In reviewing whether the plaintiffs had a constitutional right of privacy in their telephone records, the Court ruled in the affirmative. From the Court’s perspective, the issue was whether a right of privacy is violated “when the Government indiscriminately collects their telephony metadata along with the metadata of hundreds of millions of other citizens without any particularized suspicion of wrongdoing,” “retains all that metadata for five years,” and then searches, analyzes, and investigates that data without judicial approval. The Judge remarked that if he had to reach the merits of that question, he would rule in the Plaintiff’s favor.
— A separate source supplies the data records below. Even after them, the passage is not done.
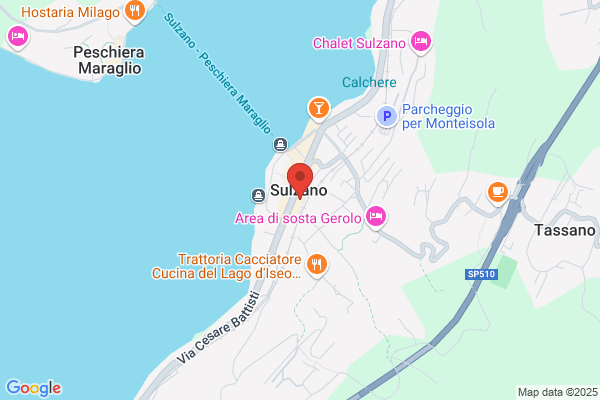 Pizzeria Le Macine  Di Faglia Milena
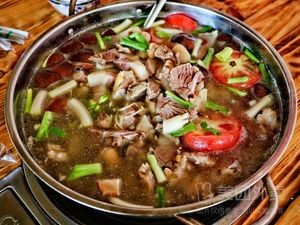 Yu Shui Qing Wujiang Pian Pian Yu (Yingpan Road Store)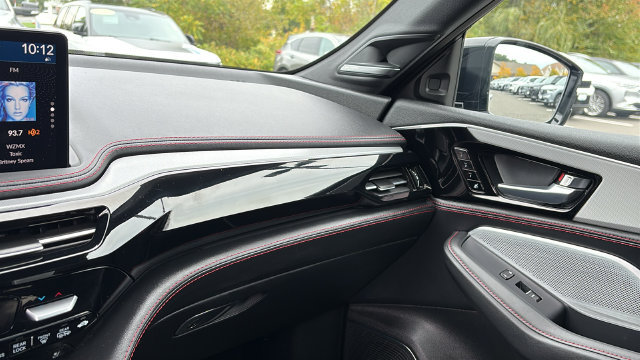Certified 2025 Acura MDX A-Spec AWD/4WD image 23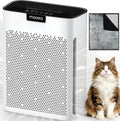 White HEPA Filter Air Purifier P299677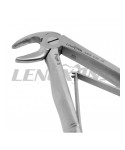 Baby Extracting Forceps English Pattern Klein #5 Pedodontic Lower Incisors.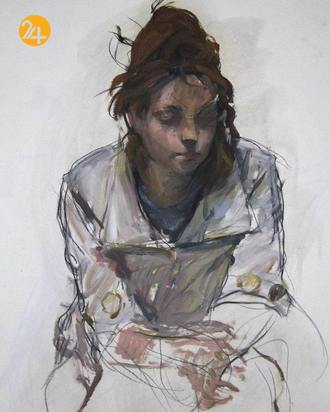 پرتره‌هایی از تاریخ نقاشی ایران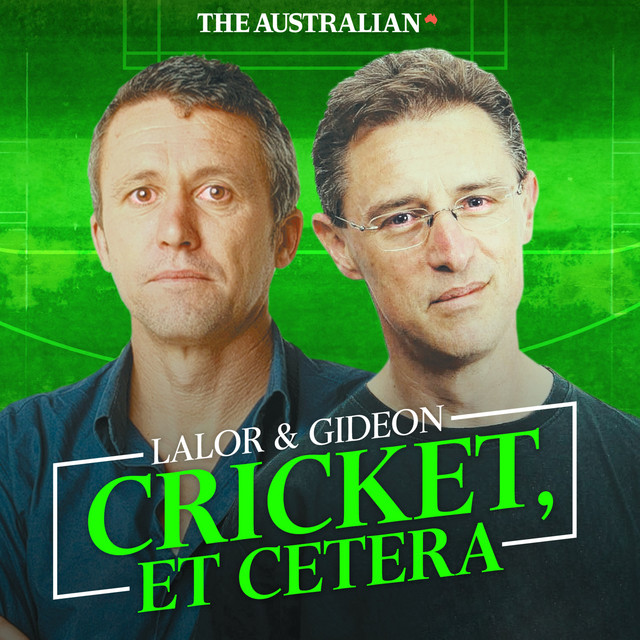 Cricket, Et Cetera 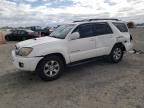 2007 Toyota 4runner SR5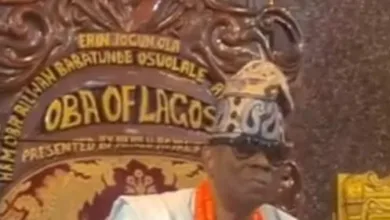 Oba of Lagos announces December 27 date for 2025 Adamu Orisa play 3 IMG 20251201 WA00162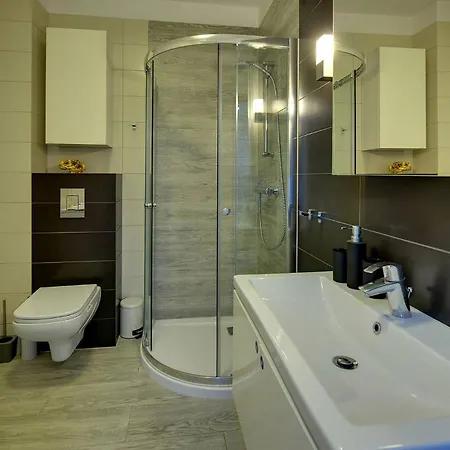 Διαμέρισμα Mellow *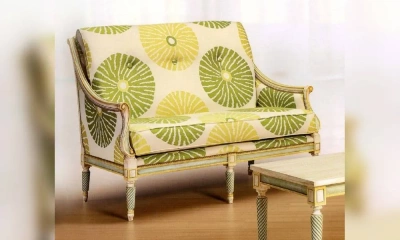 Софа Morello Gianpaolo Miro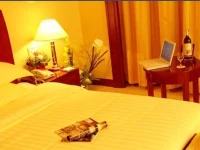 Yanzi Apartment Taiyuan Street Branch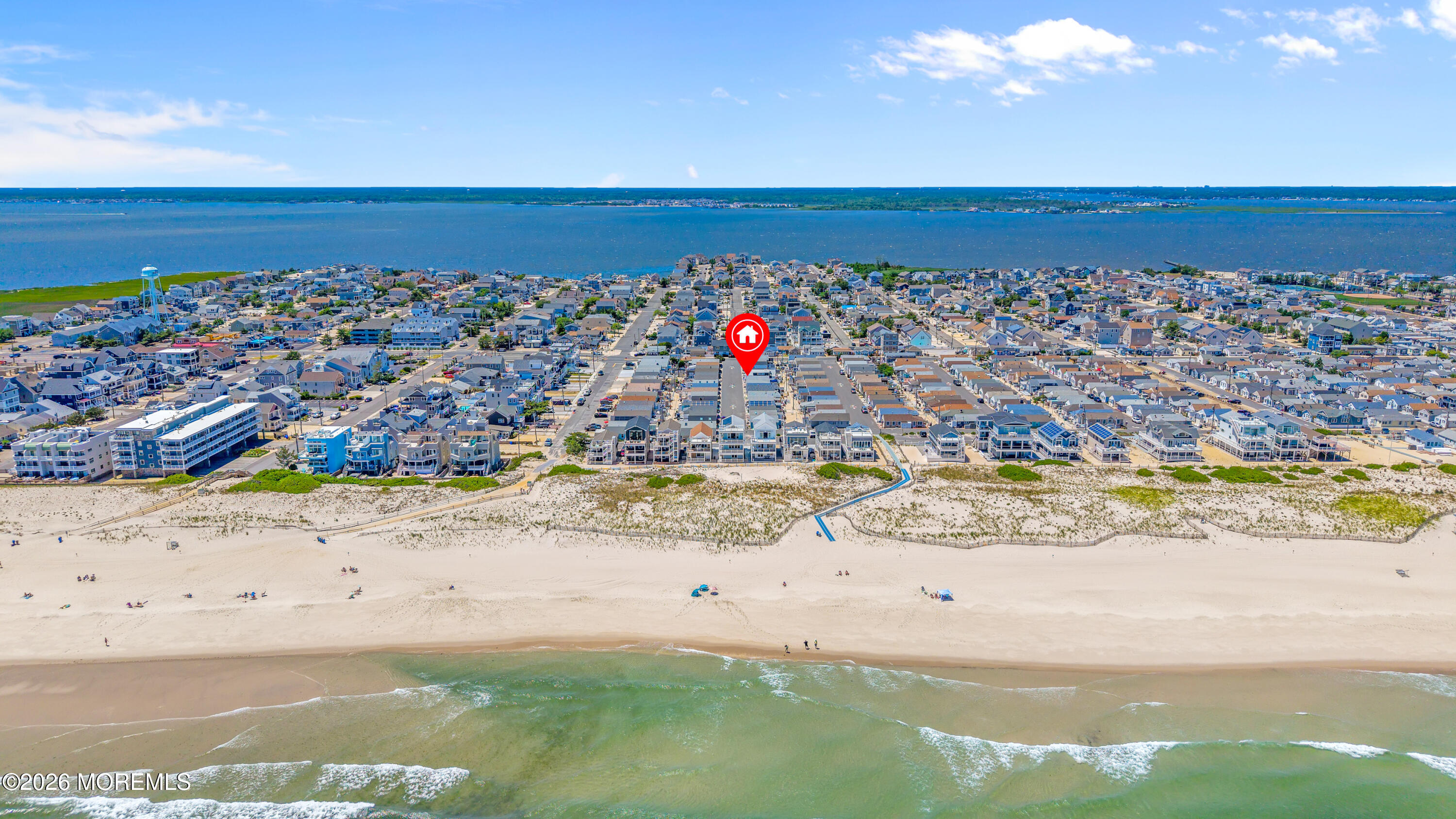 Photo 1 of 45 — 28 11th Lane 302, South Seaside Park, NJ 08752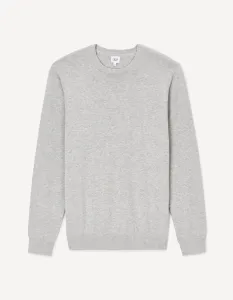 Celio Decoton Smooth Sweater - Men's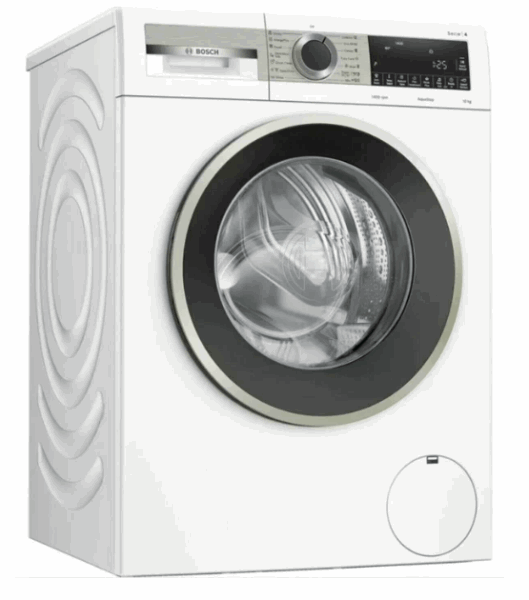 BOSCH W/M AUTO WGA25400ME.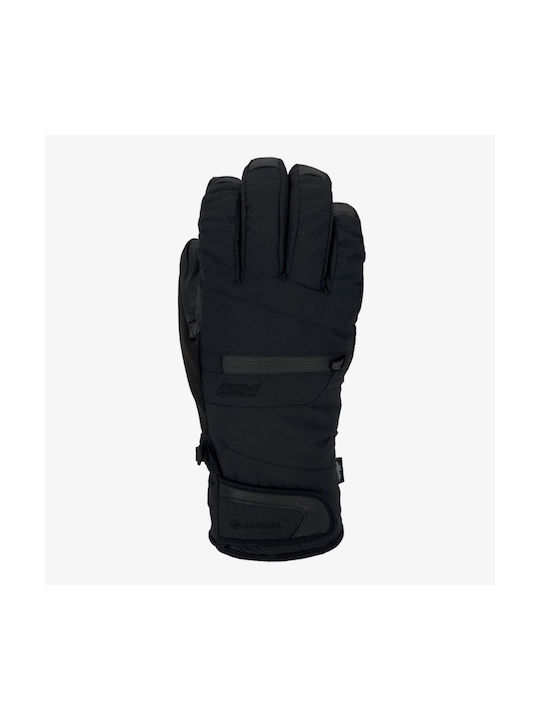 Pow Men Sniper Gtx Handschuhe Schwarz Sng-f-s-gtx-bk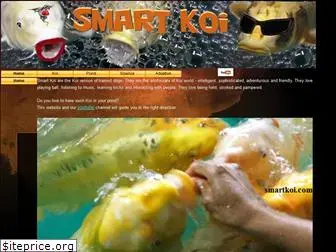 smartkoi.com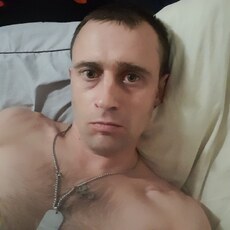 Фотография мужчины Алексей, 34 года из г. Новосибирск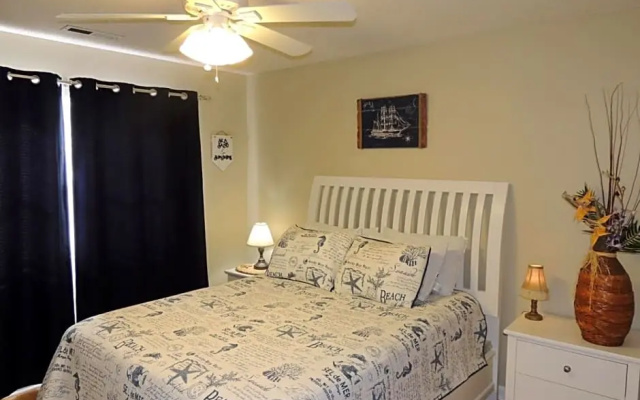 photo 3 of Beach Vacation Condos South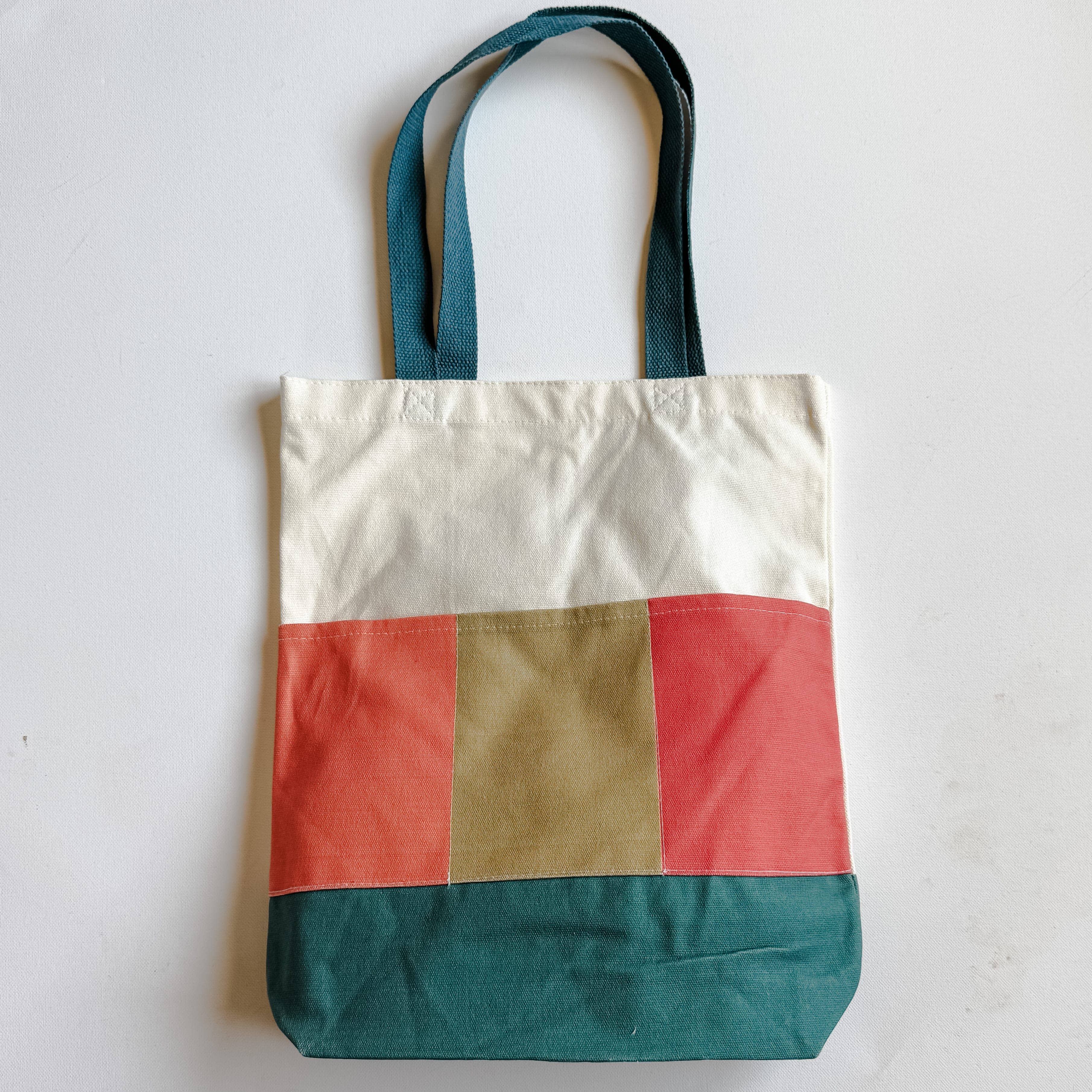 Kid's Catholic Mass Bag – “The Blessing"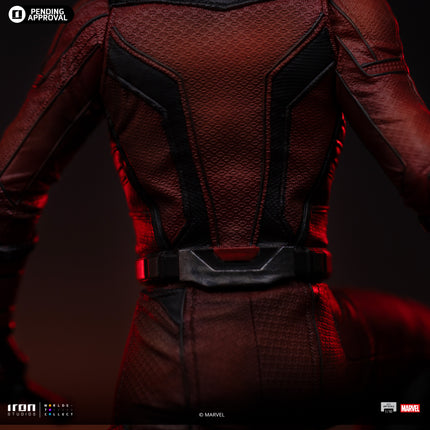 Daredevil from Daredevil: Born Again Art Scale 1/10 Statue Iron Studios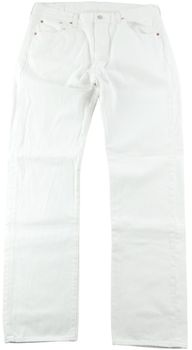 Rovné džínsy Levis  250860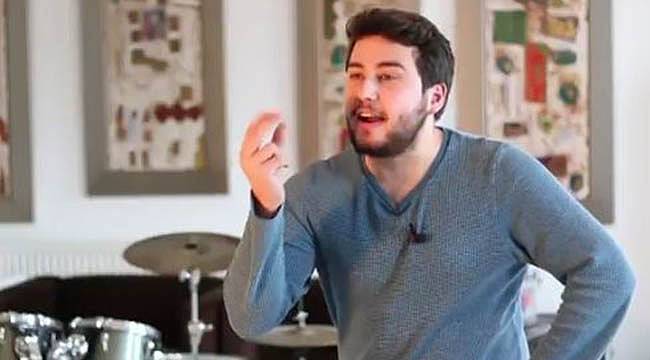 "Hayır" Videosundan Tutuklanan Ali Gül'ün Tutukluluğuna İtiraz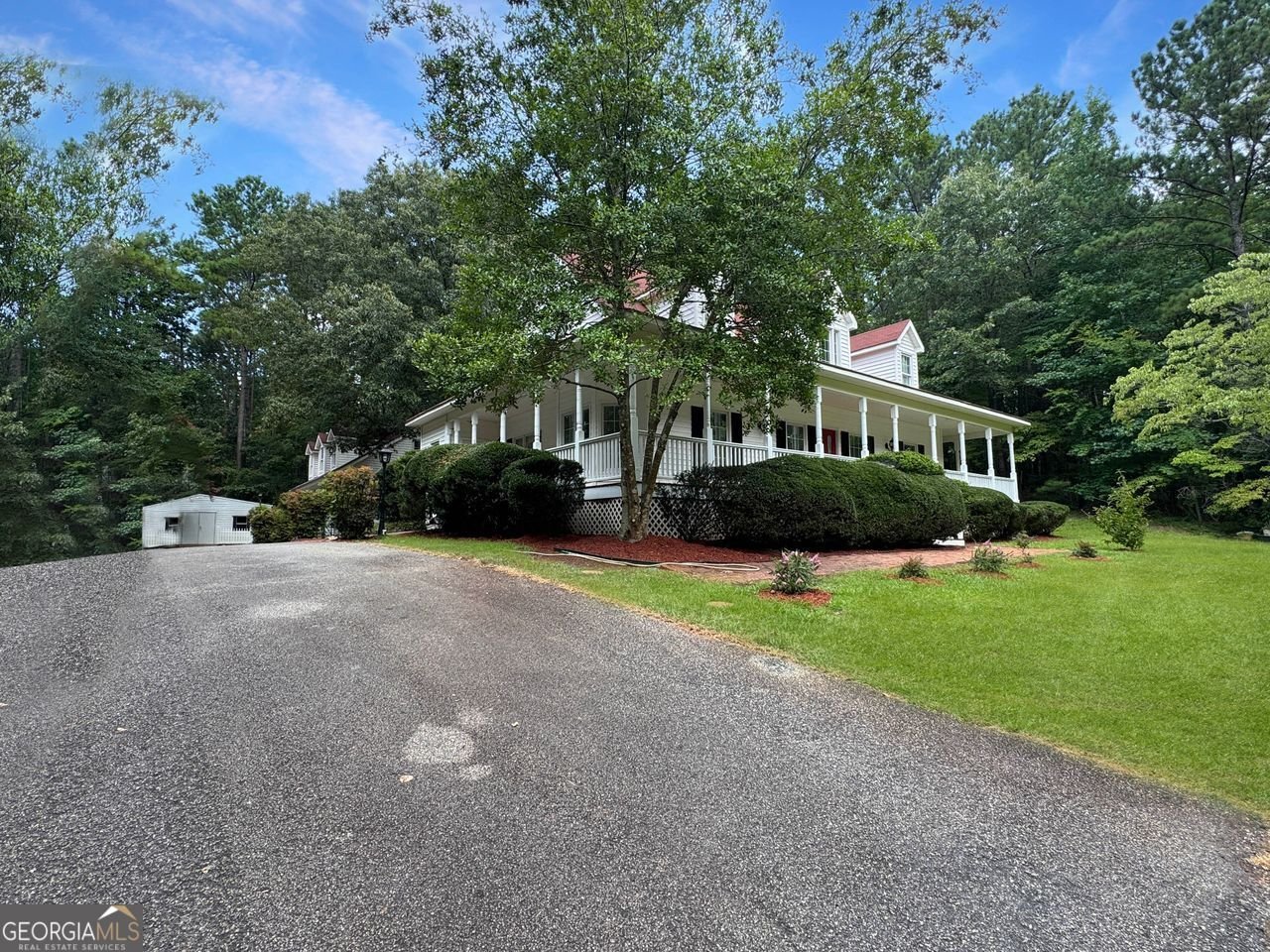 378 Pierce Chapel Road Newnan - 27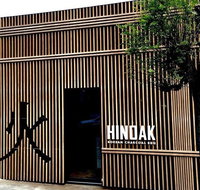 Hinoak Korean BBQ - Accommodation NT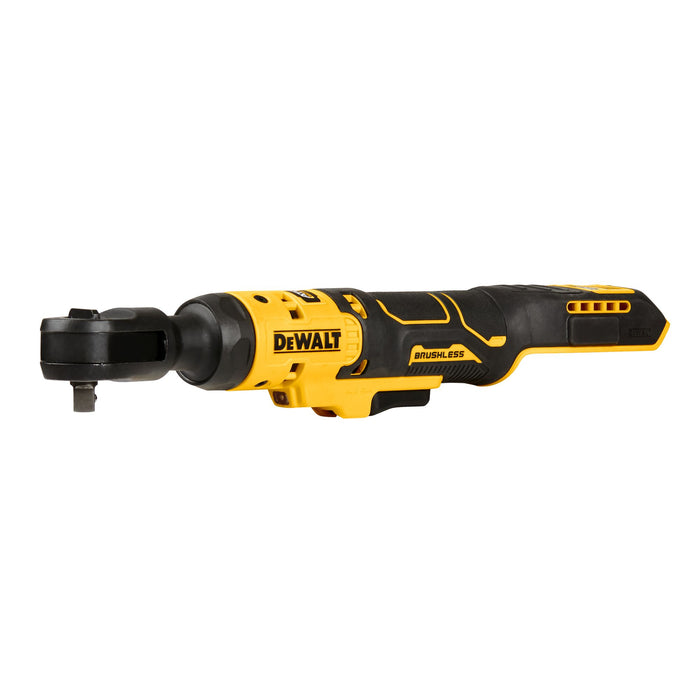 Compact Ratchet Atomic 1/2" 20V *MAX (Tool Only) Dewalt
The U.S. Government’s arguments asserted in the NSA’s defense were largely unpersuasive. There was apparently not a single piece of evidence proving that the NSA’s bulk telephone surveillance actually stopped an imminent terrorist attack (an “utter lack of evidence” in the Judge’s words). “I am not convinced at this point in the litigation that the NSA’s database has ever truly served the purpose of rapidly identifying terrorists in time-sensitive investigations,” the Judge’s opinion wrote (emphasis added). “I cannot imagine a more ‘indiscriminate’ and ‘arbitrary invasion’ than this systematic and high-tech collection and retention of personal data on virtually every single citizen for purposes of querying it and analyzing it without judicial approval.”
Ultimately, though the Court ruled in favor of the Klayman plaintiffs, the ruling has been stayed in order to permit an appeal by a higher court of appeals. Nonetheless, the Court’s opinion added that in the next six to nine months of appeal, the U.S. Government would have ample time to accept an inevitable defeat, and encouraged them to begin the process of removing the plaintiffs’ telephone numbers from their record-databases. The Court cautioned that if the U.S. Government attempted to request an extension of time to do so, months from now, it would not be well-received and that he would consider sanctions. In the meantime, the case will slowly make its way through a panel of three judges in the Court of Appeals, and will undoubtedly end up before the U.S. Supreme Court.
For privacy-rights groups, the ruling represents a symbolic victory. “Judge Leon’s decision today marks a milestone in the fight against unchecked government surveillance, a fight PEN has waged for years,” said Suzanne Nossel, executive director of PEN American Center. “Judge Leon’s decision today gives us hope that that courts will do their job of restoring respect for personal privacy, protection of creative freedom, and reestablishment of trust in the role of government. We urge the courts to uphold future challenges to unjustified bulk surveillance.”